The Tribunal concluded that it was not satisfied the applicant had told Mr Essa of the threats which the applicant claimed he had received. It reasoned that, had the applicant informed Mr Essa of such threats during a phone call, it was probable he would also have made a report of such threats to UNFAO, stating at [58]:
. . . The Tribunal does not accept the submission that Mr Essa informed the representative of these threats by telephone, but for some reason was unwilling to report the threats in his written correspondence. The Tribunal places no weight on statements made by the representative regarding what Mr Essa purportedly told her on the telephone. Nor does the Tribunal accept that Mr Essa has stated that anyone ‘demonstrating their support’ for the [applicant] will be prosecuted or that he has attempted to ‘cover up’ what has happened.

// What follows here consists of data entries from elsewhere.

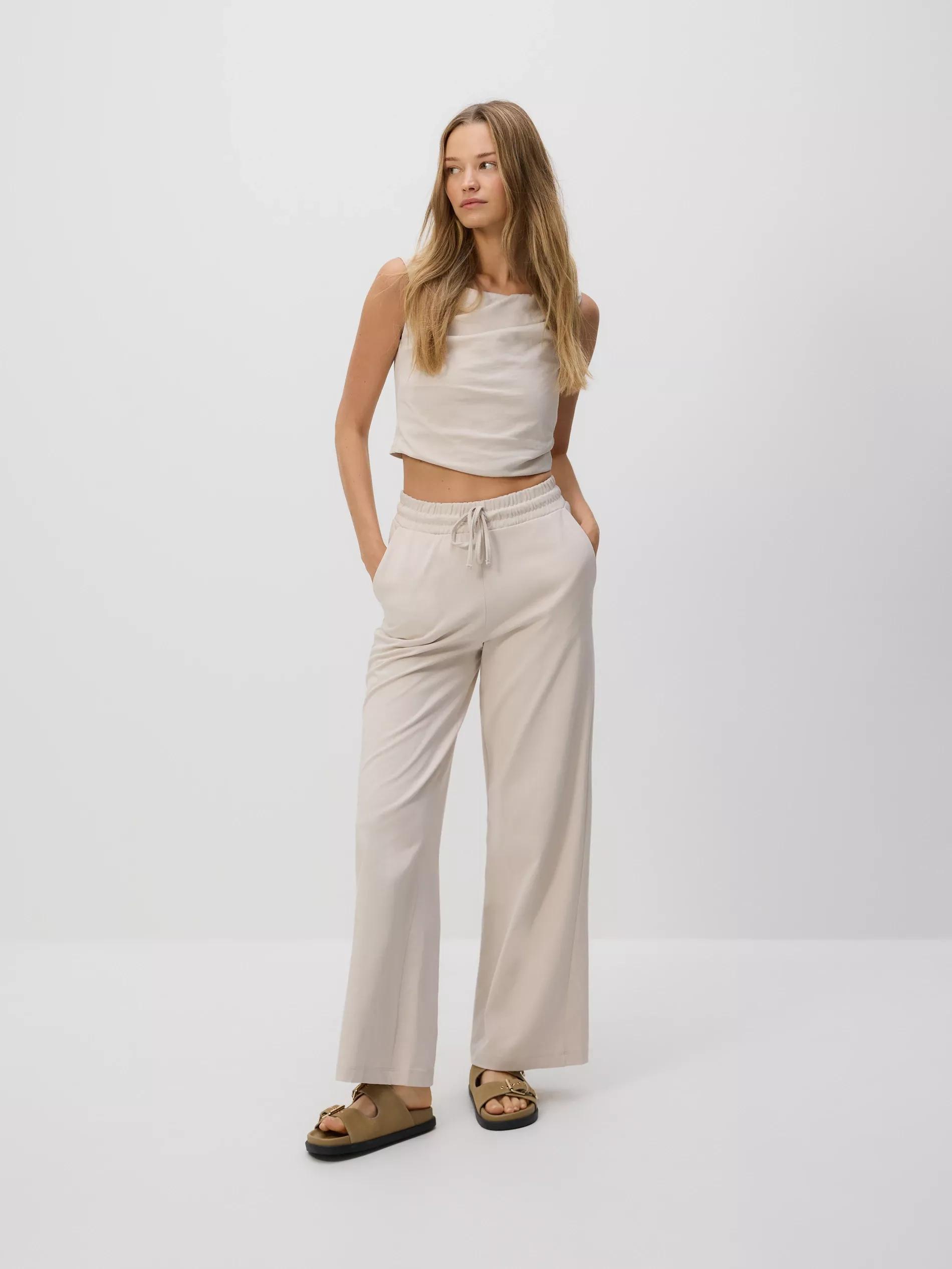 Beige Cotton Trousers, , large image number 3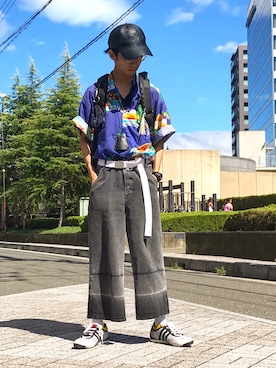 「MYne（マイン）のアイテム（キャップ）」を使った、もんたさん（メンズ・163cm）の夏コーディネート
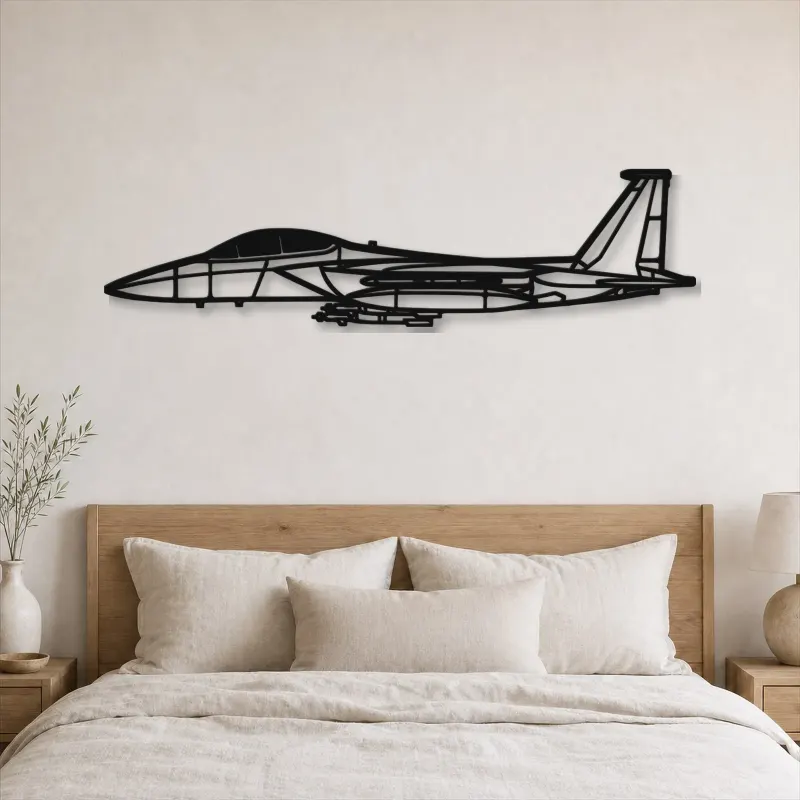 Silhouette di aereo F-15E Strike Eagle in metallo, Insegna in metallo per aerei, Decorazione da parete aviatore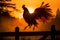 Rooster in mid-flight, silhouetted against a vibrant orange sunrise, AI-generated.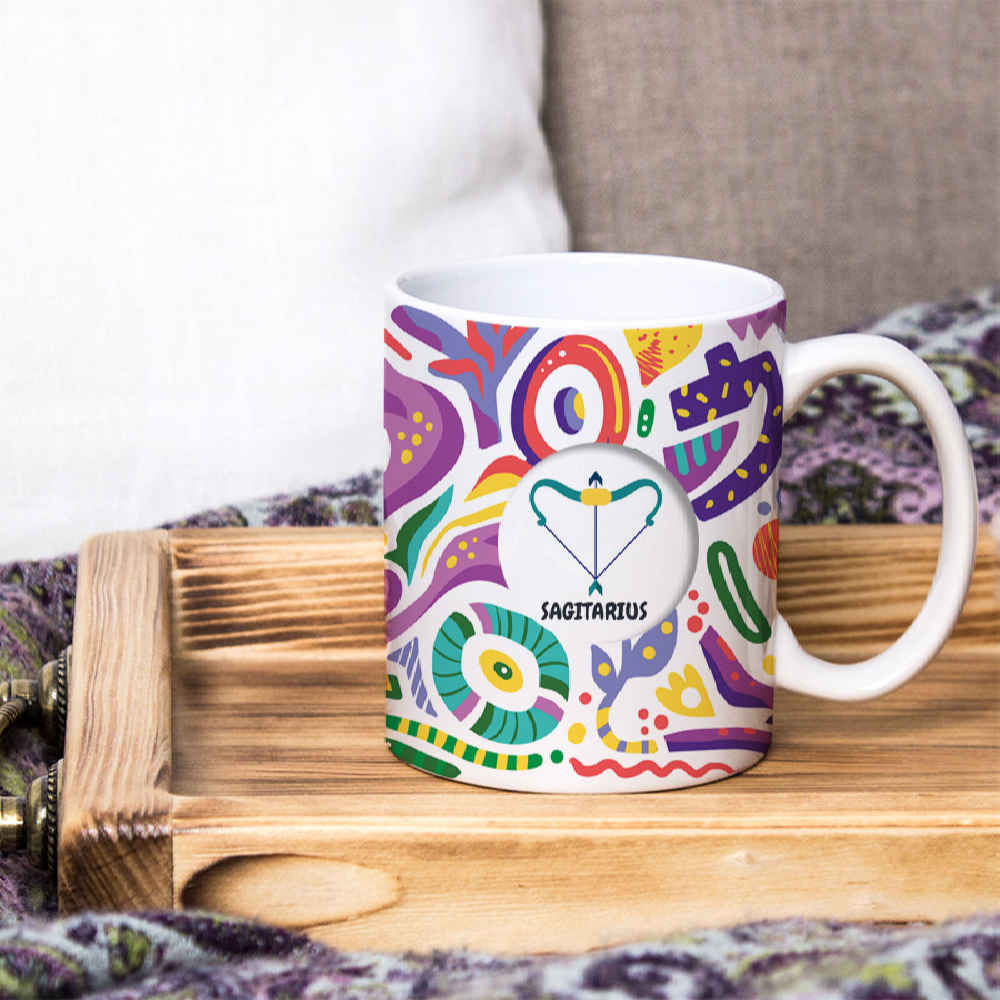 Persische Keramik-Kaffeetasse mit Sternzeichen-Motiv Azar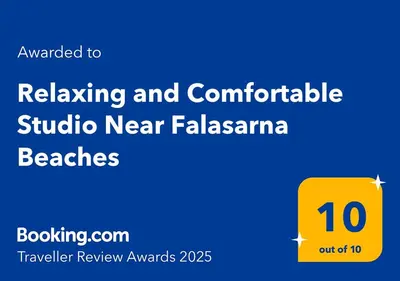 a screenshot of a sign that readsrelaxing and comfortable studying neer f at Relaxing and Comfortable Studio Near Falasarna Beaches in Plátanos
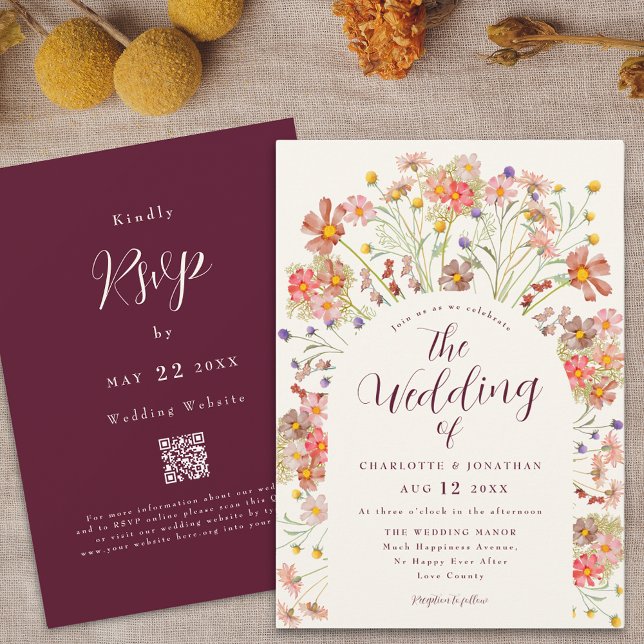 Boho Fall Blommigt Arch Burgundy Cream Bröllop Inbjudningar (Boho fall rustic wildflowers floral arch burgundy ivory cream wedding qr code invitation Watercolor)
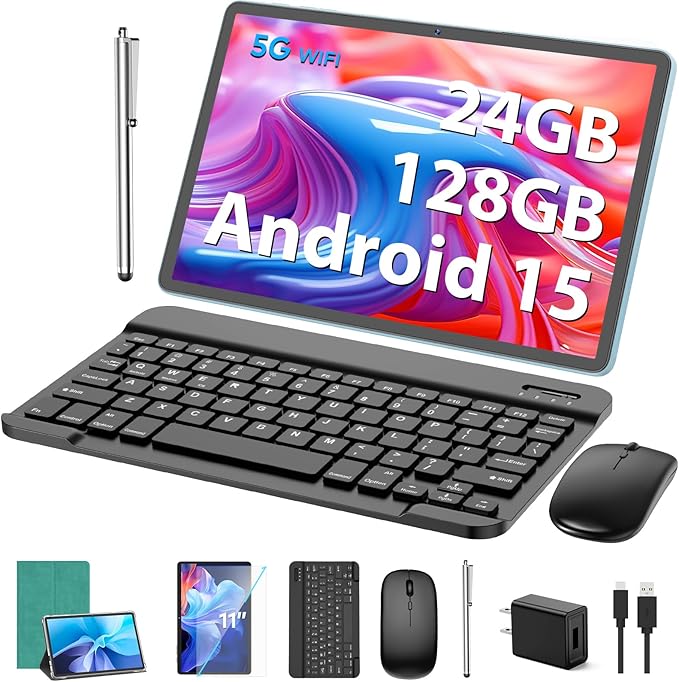 Android Tablet, 11 inch Android 15 Tablet with Keyboard, 24GB+128GB, 1TB Expand, 8000mAh, 5MP+13MP, 2.4G&5G WiFi, IPS Touch Screen, GMS Certified, 2 in 1 Tablets with Case, Mouse, Stylus(Green)
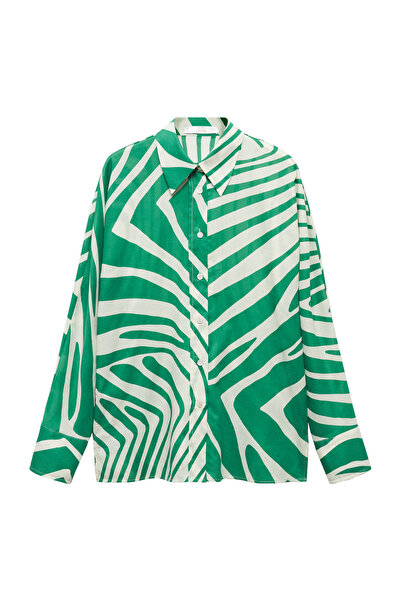 MANGO Printed cotton shirt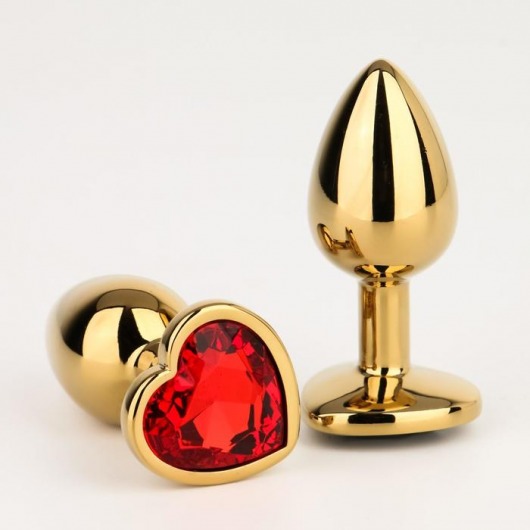 Золотистая анальная пробка с красным кристаллом в форме сердца - 7 см. - Сима-Ленд - купить с доставкой в Санкт-Петербурге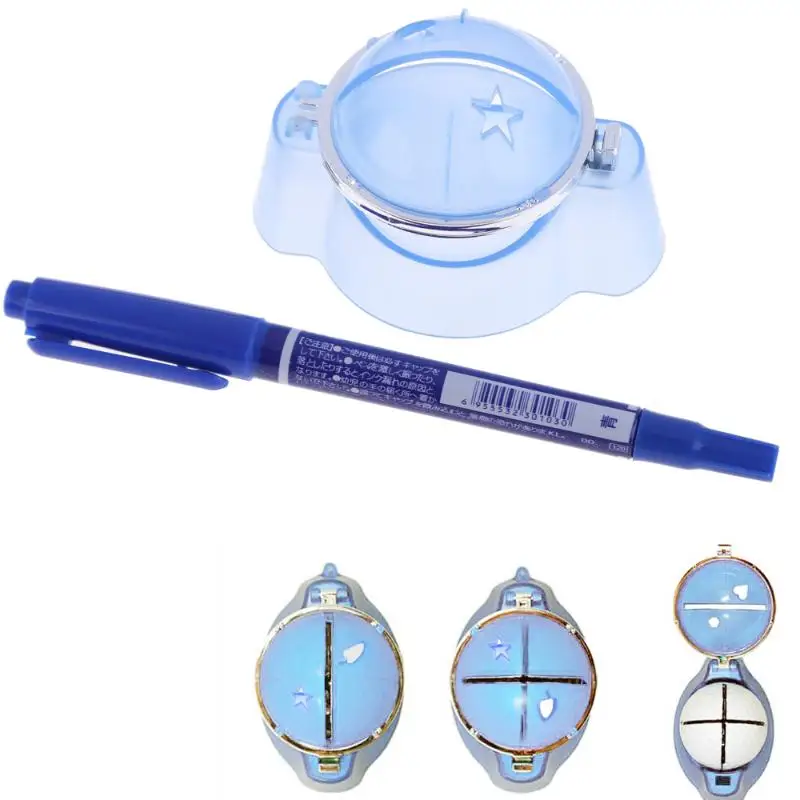 

Golf Ball Liner Marker Template Drawing Alignment Tool Plastic + Pen Blue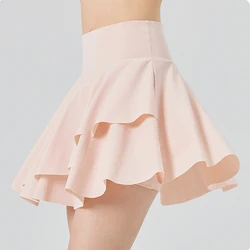 Mini Pleated Tennis Skirt Women Girl Super Thin Cool Summer Quick Dry Sportswear Inner Lining High Waist Running Gym Golf Wear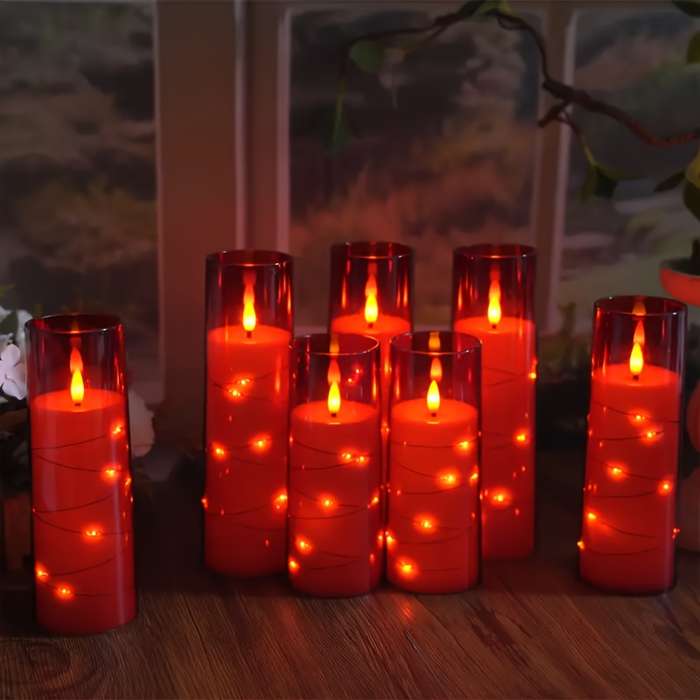 Halloween Decorations Color 5 Pieces Red  Remote Control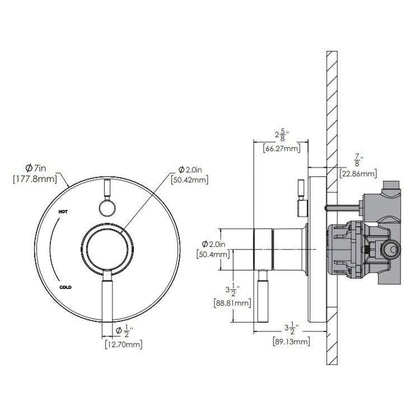 Speakman Neo CPT-1400-P Pressure Balanced Polished Chrome Diverter Valve Trim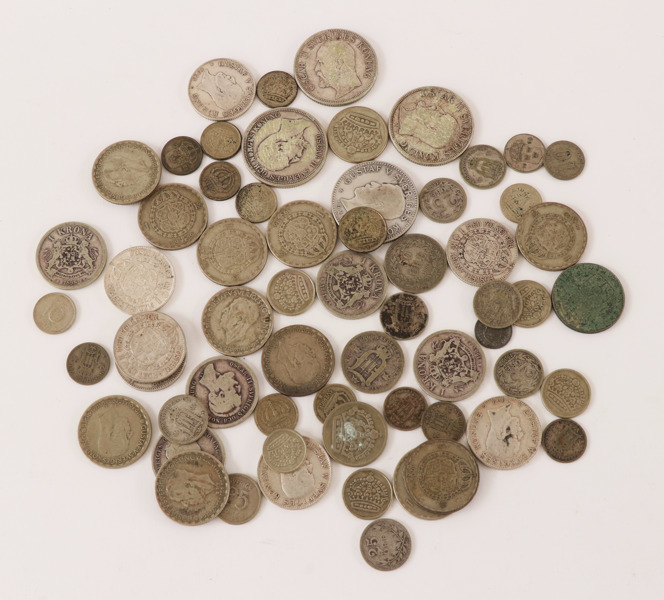 Parti svenska silvermynt, bl.a. 1800-tal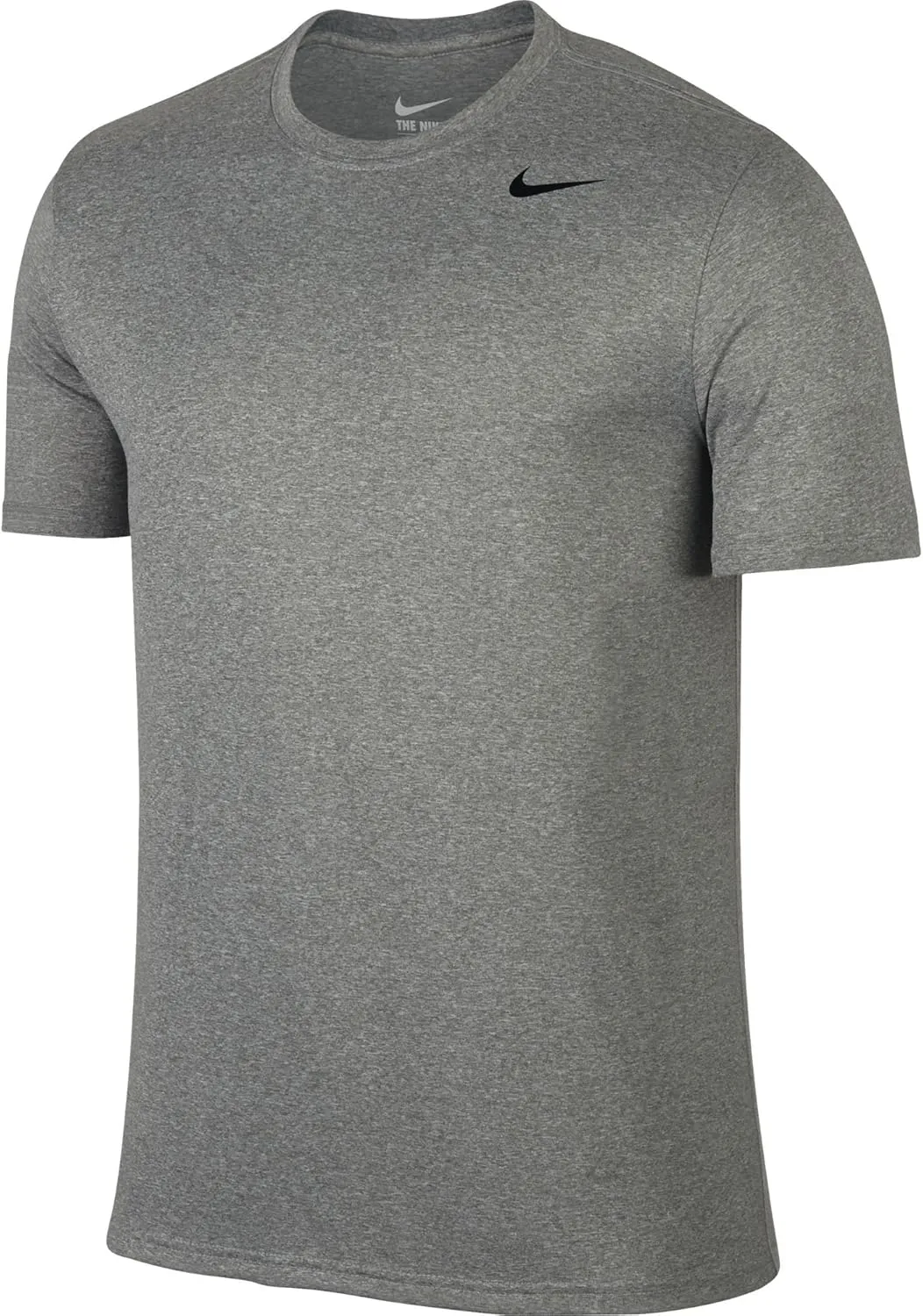 NIKE Men's Dry Legend 2 Tee, Dark Grey Heather/Black/Black, Small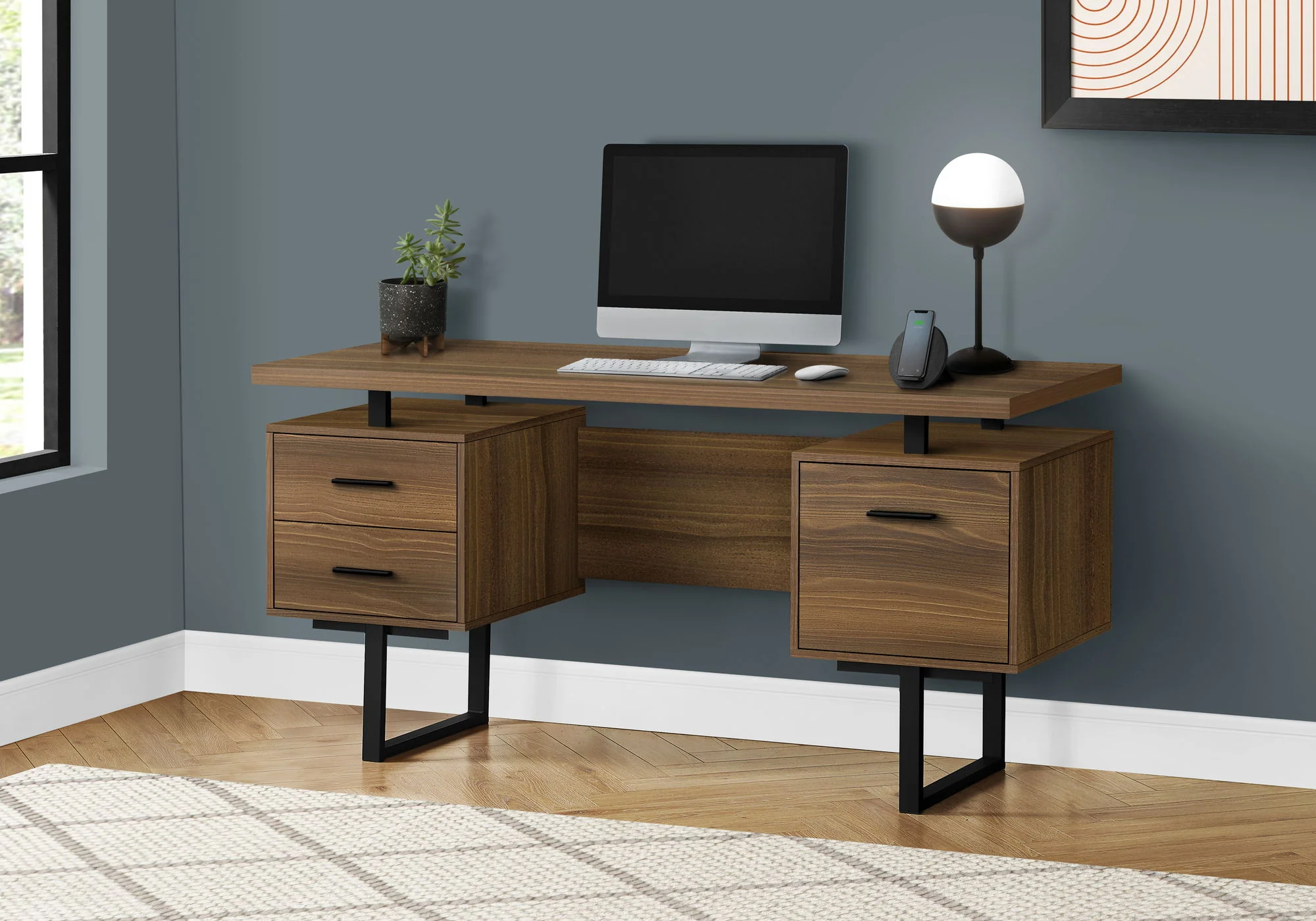 Computer Desk For Home Office, Laptop, Left, Right Set - Up, Storage Drawers, Contemporary & Modern - Image 12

The documentation provided from Mr Essa indicates that he was asked to state that he did not write the letter to the Department and [that] anyone producing such letters would be prosecuted. The list of names provided by a number of employees of the [United Nations FAO] also states that they did not write such letters.
Later the Tribunal concluded that it ‘gave no weight to assertions made by the representative as to what Mr Essa told her on the telephone, which is not reflected in the documentation written by Mr Essa provided to the Tribunal’: [71]. In short, the Tribunal preferred the evidence which Mr Essa had given to the Tribunal over that which was relayed via a submission from the applicant’s lawyer.
The Tribunal found the letters from Mr Essa and his colleagues to be ‘puzzling’. This was found to be the case as, on the one hand, they had been able to write letters to counter the anonymised adverse information provided by the Tribunal (that the applicant and another delegate to the Australian wool study were able to return to Pakistan) yet, at the same time, Mr Essa, the UNFAO deputy chief for Balochistan, had not been permitted to provide written support for the applicant’s claims. It concluded that the applicant had employed those letters as part of an attempt to substantiate claims of a ‘cover up’ by UNFAO that it was not adequately protecting its local contractors: [59].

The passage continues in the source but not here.